When the Fishmarket was constructed in 1896, an area to the east was reclaimed around the same time. Here a small working estate was erected, with garages, stables and kippering yards, the only ones on the east coast of Scotland between Dundee and Eyemouth at the time. This was a constant hive of industry and activity for many decades.
3_6096 Taken from a vantage point in the Klondyke, this image shows the salesmen’s offices seen on the left row of buildings. The men’s latrine was the first building in this row. Although off-(race) course gambling was strictly illegal, a bookie or his “runner” would usually be stationed outside.
3_6097 Looking west from the eastern limit of the Hally area towards the Fishmarket.
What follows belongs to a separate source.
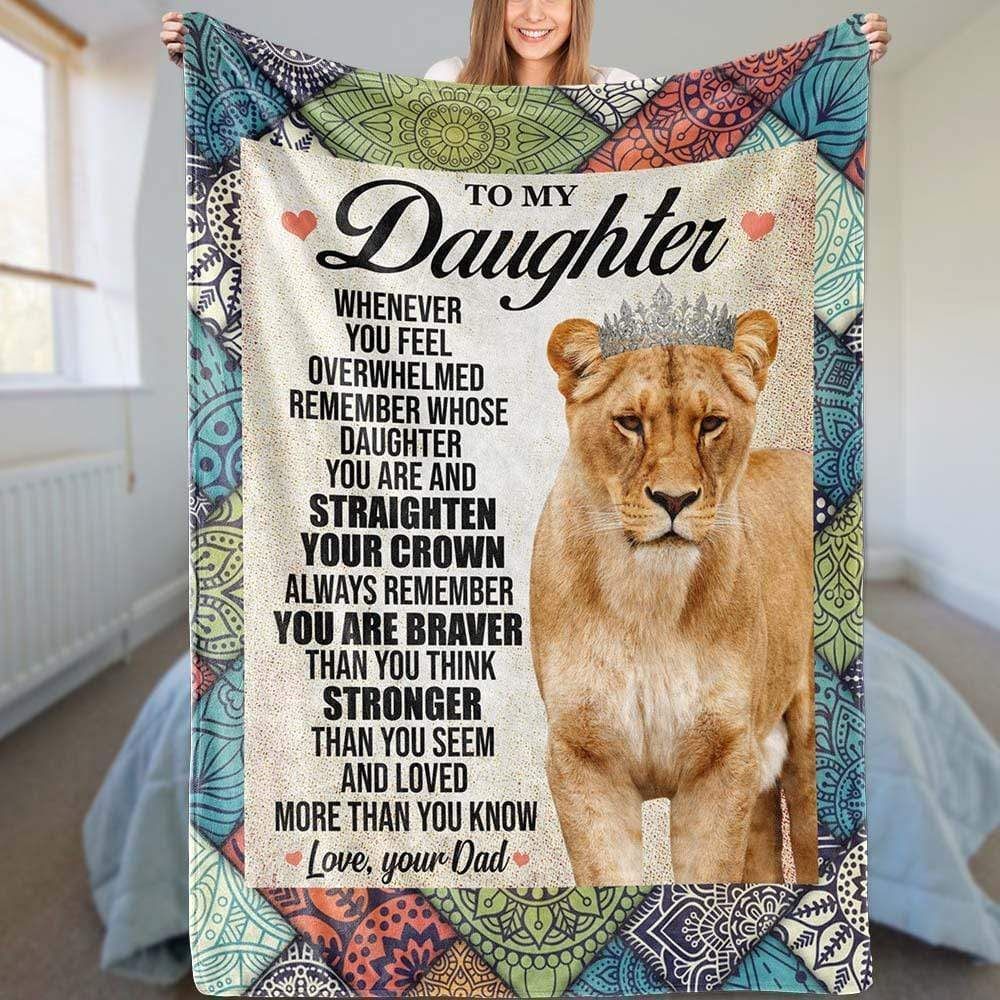 Dad Giving Daughter Daddy Love You Printed Fleece Blanket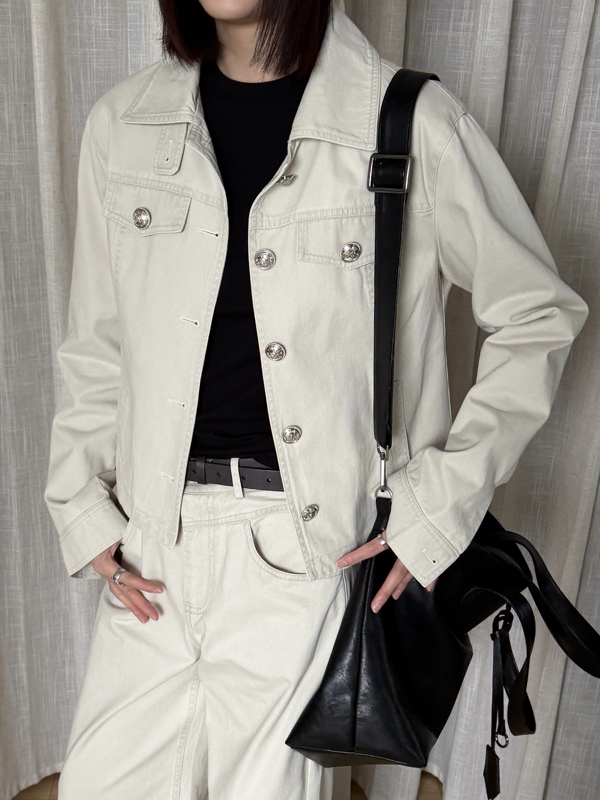 Dazhang "Retro Off-White Washed Workwear Jacket" Short Top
The Fishmarket can be seen here on the extreme right of the picture with the top of the lighthouse just peeking above. On the far left, the old Victoria School is just visible.
3_6098 The Hally, looking north. Taken in the mid-1960s. By then, the kippering yards were gone and the buildings were used predominantly as storage units or garages.
3_6094 Tam Smith’s Yard in the Hally. Thomas Smith Jnr was a busy haulage company with its main yard in the Hally, probably at position 33 on the Map of Businesses. Photograph taken in the 50s.